(Data excerpts)
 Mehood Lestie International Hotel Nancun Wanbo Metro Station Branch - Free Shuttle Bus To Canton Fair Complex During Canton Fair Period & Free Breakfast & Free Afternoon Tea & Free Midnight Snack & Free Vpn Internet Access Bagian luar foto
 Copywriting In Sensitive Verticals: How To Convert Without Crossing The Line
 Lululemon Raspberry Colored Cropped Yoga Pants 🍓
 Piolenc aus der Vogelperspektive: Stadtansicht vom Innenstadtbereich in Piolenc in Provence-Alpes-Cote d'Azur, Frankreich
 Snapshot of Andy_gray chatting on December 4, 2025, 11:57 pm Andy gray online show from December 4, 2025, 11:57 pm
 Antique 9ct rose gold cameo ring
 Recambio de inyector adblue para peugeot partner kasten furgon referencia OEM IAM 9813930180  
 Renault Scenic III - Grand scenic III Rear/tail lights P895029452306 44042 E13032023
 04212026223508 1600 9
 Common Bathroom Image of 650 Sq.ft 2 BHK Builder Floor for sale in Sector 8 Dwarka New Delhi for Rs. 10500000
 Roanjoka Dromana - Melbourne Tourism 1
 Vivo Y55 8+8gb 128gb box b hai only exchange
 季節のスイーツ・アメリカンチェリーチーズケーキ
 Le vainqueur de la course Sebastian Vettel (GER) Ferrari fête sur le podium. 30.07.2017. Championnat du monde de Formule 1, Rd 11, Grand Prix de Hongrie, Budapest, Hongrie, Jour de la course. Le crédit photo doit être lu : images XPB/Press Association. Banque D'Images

■ **Task instructions**:
Word for word, extract all the records.

■ **Expected answer**:
 Mehood Lestie International Hotel Nancun Wanbo Metro Station Branch - Free Shuttle Bus To Canton Fair Complex During Canton Fair Period & Free Breakfast & Free Afternoon Tea & Free Midnight Snack & Free Vpn Internet Access Bagian luar foto
 Copywriting In Sensitive Verticals: How To Convert Without Crossing The Line
 Lululemon Raspberry Colored Cropped Yoga Pants 🍓
 Piolenc aus der Vogelperspektive: Stadtansicht vom Innenstadtbereich in Piolenc in Provence-Alpes-Cote d'Azur, Frankreich
 Snapshot of Andy_gray chatting on December 4, 2025, 11:57 pm Andy gray online show from December 4, 2025, 11:57 pm
 Antique 9ct rose gold cameo ring
 Recambio de inyector adblue para peugeot partner kasten furgon referencia OEM IAM 9813930180  
 Renault Scenic III - Grand scenic III Rear/tail lights P895029452306 44042 E13032023
 04212026223508 1600 9
 Common Bathroom Image of 650 Sq.ft 2 BHK Builder Floor for sale in Sector 8 Dwarka New Delhi for Rs. 10500000
 Roanjoka Dromana - Melbourne Tourism 1
 Vivo Y55 8+8gb 128gb box b hai only exchange
 季節のスイーツ・アメリカンチェリーチーズケーキ
 Le vainqueur de la course Sebastian Vettel (GER) Ferrari fête sur le podium. 30.07.2017. Championnat du monde de Formule 1, Rd 11, Grand Prix de Hongrie, Budapest, Hongrie, Jour de la course. Le crédit photo doit être lu : images XPB/Press Association. Banque D'Images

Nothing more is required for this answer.